Memento Mori: The Sacred Weight of This Moment
- Rudy Estripeaut

- 2 days ago
- 3 min read
We spend much of our lives rehearsing the future.
Our minds wake before our bodies and immediately begin to inventory concern:
What must be done.
What might go wrong.
What we fear we will forget.
What we worry we cannot control.
The noise is relentless. A quiet tyranny of I have to.
And yet, with a single shift in language, the burden transforms.
I get to.
I get to go to the supermarket.
I get to fix the car.
I get to pay the bill.
I get to live another day.
This is not naïve optimism. It is perspective rooted in truth.

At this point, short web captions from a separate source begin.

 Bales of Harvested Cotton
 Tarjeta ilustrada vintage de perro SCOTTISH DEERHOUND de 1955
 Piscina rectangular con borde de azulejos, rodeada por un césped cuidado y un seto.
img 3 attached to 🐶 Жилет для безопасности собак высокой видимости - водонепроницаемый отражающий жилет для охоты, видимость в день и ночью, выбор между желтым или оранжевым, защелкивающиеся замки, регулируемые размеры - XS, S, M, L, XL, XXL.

Every minute we live is also a minute we die. Time does not negotiate. It moves forward with exquisite indifference. From the moment we are born, the clock begins its gentle, unstoppable descent. Not as a threat—but as a reminder.

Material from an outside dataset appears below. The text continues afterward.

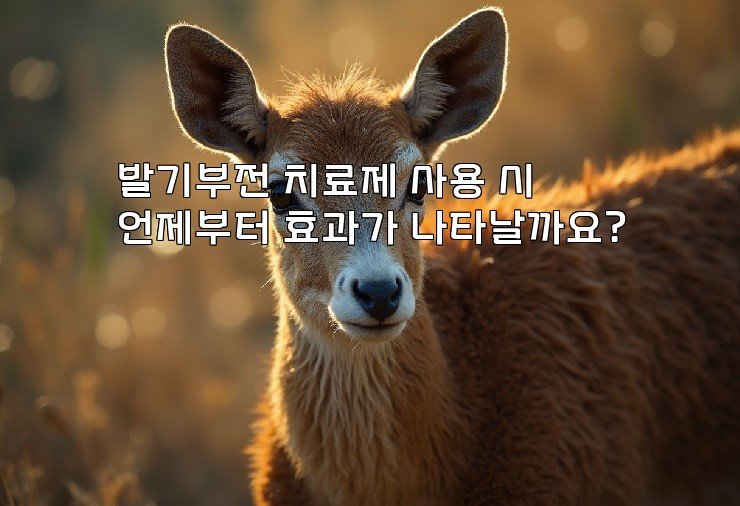 발기부전 치료제 사용 시 언제부터 효과가 나타날까요?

There is an ancient concept that holds this truth without fear: Memento Mori.
Remember that you will die.
Not to diminish life—but to consecrate it.
When death is kept at the edge of awareness, life sharpens. Colors deepen. Conversations matter. Small moments become sacred. The trivial falls away. What remains is what has always mattered: presence, love, integrity, attention.
Wake each morning and tell yourself—quietly, honestly:
This could be the last day of my life.
One day, you will be right.
This is not morbid. It is clarifying.
It dissolves procrastination. It exposes false urgency. It reminds us that resentment is expensive, distraction is costly, and fear is a poor use of finite time.
We do not have “someday.”
We have today.
Days. Months. Years—if we are fortunate. Maybe seconds. None of us knows. And that uncertainty is not a flaw in the design; it is the design. Life is precious precisely because it is temporary.
So slow down.
Breathe deliberately.
Stand fully inside this moment.
Notice the miracle of being here at all.
Go well—not because life is long, but because it is not.
A Simple Daily Practice: Setting the Intention to Be Here
This exercise is meant to take three to five minutes. Do it in the morning, or at any moment when life begins to feel rushed, heavy, or automatic.
Stop and sit still.
Place both feet on the ground. Straighten your spine. Let your hands rest open. Close your eyes if you wish.
Breathe with awareness.
Take three slow breaths.
Inhale through the nose, feeling the chest and belly expand.
Exhale fully, as if releasing yesterday, tomorrow, and everything unnecessary.
Name the truth—quietly.
Say to yourself, slowly and without drama:
“I will die. This life is finite.”
Do not analyze it. Do not resist it. Let the words land.
Turn toward gratitude.
Then say:
“Because of this, this moment matters.”
Name three things you get to do today—not obligations, but privileges. Even the ordinary ones.
Set your intention.
Finish with one clear sentence:
“Today, I choose to be present.”
Or:
“Today, I will live as if this moment is sacred.”
Return to the day—slowly.
Open your eyes. Move deliberately. Carry this awareness with you, not as fear, but as clarity.
You do not practice this to become anxious.
You practice it to become awake.
One day, you will not be here.
And because of that, today is enough.